Saturday, October 11, 2025

Lying on the table getting injected with radioactive dye I had a thought

 A couple days ago we drove down to Portland at 5 in the morning [a two hour drive] so I could get a test that will show the surgeon which lymph nodes my small melanoma cancer mole drained to. It is standard procedure-more on that later, I don't want this blog to be a diary of my aging body but I will share some things as I go along.

 One lies on a scanning bed, the kind with an open ring [I told my doctor I am unable to go in an MRI tube and never will unless I'm dead}, and after they inject the cancer site with dye, you just lie there and wait. It was easy, and the shots are nothing since they numb the area.
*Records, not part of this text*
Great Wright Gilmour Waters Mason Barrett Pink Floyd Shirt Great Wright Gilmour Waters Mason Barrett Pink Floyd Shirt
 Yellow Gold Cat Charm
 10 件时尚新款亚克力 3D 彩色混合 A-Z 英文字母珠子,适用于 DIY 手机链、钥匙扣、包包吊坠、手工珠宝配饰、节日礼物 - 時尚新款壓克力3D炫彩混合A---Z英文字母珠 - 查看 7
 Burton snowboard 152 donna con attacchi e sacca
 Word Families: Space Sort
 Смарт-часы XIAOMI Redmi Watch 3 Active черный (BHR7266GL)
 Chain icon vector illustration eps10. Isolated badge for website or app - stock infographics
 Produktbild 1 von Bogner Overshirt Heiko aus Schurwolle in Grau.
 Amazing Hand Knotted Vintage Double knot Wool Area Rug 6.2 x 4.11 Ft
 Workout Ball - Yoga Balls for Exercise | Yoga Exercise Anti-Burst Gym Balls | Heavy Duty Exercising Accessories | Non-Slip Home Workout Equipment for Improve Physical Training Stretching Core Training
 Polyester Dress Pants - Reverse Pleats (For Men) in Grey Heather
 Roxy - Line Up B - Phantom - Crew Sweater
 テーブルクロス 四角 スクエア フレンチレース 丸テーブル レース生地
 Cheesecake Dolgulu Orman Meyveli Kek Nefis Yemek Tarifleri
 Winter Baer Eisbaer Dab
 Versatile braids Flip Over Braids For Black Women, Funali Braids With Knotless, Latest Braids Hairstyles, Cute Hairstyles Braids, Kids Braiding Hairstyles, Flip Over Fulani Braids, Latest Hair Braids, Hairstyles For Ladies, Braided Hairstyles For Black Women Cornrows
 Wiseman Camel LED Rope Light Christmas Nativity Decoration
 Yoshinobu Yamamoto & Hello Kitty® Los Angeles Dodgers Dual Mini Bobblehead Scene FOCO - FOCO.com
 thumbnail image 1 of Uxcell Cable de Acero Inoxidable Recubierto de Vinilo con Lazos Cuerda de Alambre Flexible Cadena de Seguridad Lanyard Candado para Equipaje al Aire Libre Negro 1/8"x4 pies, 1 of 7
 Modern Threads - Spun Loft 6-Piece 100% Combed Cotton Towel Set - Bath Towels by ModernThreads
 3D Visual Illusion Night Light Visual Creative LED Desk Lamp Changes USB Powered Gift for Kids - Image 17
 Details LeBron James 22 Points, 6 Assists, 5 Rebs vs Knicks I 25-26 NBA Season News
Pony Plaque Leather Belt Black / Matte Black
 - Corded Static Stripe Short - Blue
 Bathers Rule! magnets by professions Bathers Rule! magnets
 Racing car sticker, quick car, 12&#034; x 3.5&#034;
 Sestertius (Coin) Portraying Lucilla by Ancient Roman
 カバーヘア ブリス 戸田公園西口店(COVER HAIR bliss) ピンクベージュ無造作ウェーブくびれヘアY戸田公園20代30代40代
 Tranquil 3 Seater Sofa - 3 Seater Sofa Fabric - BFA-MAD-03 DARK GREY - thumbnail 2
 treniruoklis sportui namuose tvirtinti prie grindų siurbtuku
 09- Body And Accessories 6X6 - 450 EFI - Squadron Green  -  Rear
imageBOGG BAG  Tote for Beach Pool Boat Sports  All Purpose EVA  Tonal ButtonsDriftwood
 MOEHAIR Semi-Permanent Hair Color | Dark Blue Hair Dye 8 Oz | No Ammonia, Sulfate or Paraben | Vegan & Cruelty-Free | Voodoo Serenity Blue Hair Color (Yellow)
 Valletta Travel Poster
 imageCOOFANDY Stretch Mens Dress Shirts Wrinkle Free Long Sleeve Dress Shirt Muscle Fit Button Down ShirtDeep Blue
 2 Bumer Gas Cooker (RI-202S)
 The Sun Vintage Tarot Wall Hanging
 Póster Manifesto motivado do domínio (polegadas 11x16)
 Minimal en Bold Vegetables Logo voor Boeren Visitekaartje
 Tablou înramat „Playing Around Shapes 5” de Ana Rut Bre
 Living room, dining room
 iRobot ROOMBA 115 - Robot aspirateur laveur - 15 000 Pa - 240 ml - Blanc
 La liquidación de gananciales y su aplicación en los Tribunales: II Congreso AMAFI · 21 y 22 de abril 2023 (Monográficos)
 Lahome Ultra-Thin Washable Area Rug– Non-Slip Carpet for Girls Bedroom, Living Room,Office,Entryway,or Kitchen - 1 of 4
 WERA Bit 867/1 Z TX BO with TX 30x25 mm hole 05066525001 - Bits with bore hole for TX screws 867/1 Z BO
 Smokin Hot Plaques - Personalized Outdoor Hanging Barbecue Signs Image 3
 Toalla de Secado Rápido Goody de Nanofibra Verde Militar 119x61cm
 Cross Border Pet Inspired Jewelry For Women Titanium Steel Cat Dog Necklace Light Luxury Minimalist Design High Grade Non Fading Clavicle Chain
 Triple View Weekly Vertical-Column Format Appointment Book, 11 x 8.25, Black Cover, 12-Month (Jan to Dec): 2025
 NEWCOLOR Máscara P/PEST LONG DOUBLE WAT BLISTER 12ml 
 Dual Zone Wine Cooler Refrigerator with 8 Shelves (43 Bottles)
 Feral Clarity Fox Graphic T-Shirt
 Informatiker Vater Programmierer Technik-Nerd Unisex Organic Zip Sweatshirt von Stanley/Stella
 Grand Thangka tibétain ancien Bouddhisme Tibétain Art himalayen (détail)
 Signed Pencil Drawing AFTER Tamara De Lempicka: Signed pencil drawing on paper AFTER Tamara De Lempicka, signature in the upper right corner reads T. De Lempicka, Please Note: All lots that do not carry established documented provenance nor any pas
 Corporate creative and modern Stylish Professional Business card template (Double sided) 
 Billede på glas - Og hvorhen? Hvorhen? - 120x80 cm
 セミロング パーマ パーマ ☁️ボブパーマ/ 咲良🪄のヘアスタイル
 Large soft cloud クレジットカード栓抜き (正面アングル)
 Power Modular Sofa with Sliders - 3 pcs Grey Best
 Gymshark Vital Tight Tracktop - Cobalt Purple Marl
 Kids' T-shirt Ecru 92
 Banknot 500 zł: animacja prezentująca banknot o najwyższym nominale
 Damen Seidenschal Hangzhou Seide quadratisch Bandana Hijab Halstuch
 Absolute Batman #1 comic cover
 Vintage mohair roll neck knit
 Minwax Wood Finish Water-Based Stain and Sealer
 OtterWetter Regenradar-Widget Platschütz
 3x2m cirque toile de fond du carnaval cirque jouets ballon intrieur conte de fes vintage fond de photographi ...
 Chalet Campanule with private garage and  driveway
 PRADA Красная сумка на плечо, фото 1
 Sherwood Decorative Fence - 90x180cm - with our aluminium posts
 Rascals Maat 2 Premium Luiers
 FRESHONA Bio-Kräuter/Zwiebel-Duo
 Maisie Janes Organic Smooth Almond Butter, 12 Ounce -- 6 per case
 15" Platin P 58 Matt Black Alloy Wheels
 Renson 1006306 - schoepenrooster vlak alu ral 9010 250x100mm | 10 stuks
Martyn had once said to me that I looked at hospitals and doctors with suspician and fear, and he looked at them as helpers–for they saved his young life years ago when he was involved in a horrific accident. A drunk driver ran a stop sign, out in the rural area he lived at, and Martyn was life flighted out of the area, and he spent weeks in traction and had multiple surgeries. He's lucky to be alive. For those that don't know the story, I had minor anxiety feelings when something bad was happening, and I waited almost 2 years to get on medicare to find a cardiologist as I knew the tests were too expensive. After three weeks of various stress tests, the final one showed I was 99.9% [no exageration] in my main artery, a shock to everyone since I eat right and am healthy. And they wisked me to surgery, I had no time to think or fear, I was just in complete "I am not in control of this" mode.

My mother drummed into my brain that people go to hospitals to die. That was her experience up in the country when she was growing up in North Dakota. Her mother died when my mother was only 8, of a completely ridiculous reason-she had appendicitis and the rural country doctor was known to be a drunk and he sent her home misdiagnosed and she died a horrible death. It clearly, as is understandable, marked her life and colored many of her personality traits and beliefs.  

But I realized something as I was lying there, calmly, having this procedure in the same hospital where I'd had heart surgery a year and a half ago–I no longer felt fear of the hospital, or doctors. I told Martyn this, that after having so many procedures and getting to know the doctors, I felt like it was a place that helped me, and I saw it as a safe place. They were helpers. After facing such a serious surgery and aftermath...I just let it all go, the fear that is. As we left the radiology area, I caught a glimpse of a tunnel and I remembered being wheeled through those tunnels to get CT scans the days following surgery. It didn't scare me, I just thought of it like a positive memory.

It got me thinking how fear colors so much of our choices. This is true with animals too. The horse hears a strange noise as you are riding through the woods and fears it. His rider is hopefully a leader in his eyes, but if not, the horse reacts from fear. The dog bites out of fear more than displeasure. The child acts out not because he's bad but because he's fearful of doing it all wrong and getting punished again.

Or the person who has never met a person of another color or culture sees someone walking down the street towards them and becomes scared as they don't know them, and they confuse their mannerisms or dress or speech as a threat but it is more likely they are being misunderstood. Many people fear immigrants taking their jobs, even though the jobs they are working in are being helped by the immigrants, or the immigrants are working jobs many americans won't take. Have you harvested food for 10 hours a day? This is fear of status and power and ignorance of the real situation.

Fear colors politics and laws and always has and it always will, in my opinion. Fear of losing power, control, boundaries, positions, status...the list goes on and on. People stay in jobs and relationships out of fear.

So when I get fearful, I try to ask what is it I don't know that is making me scared. And look for helpers. Sometimes its a doctor.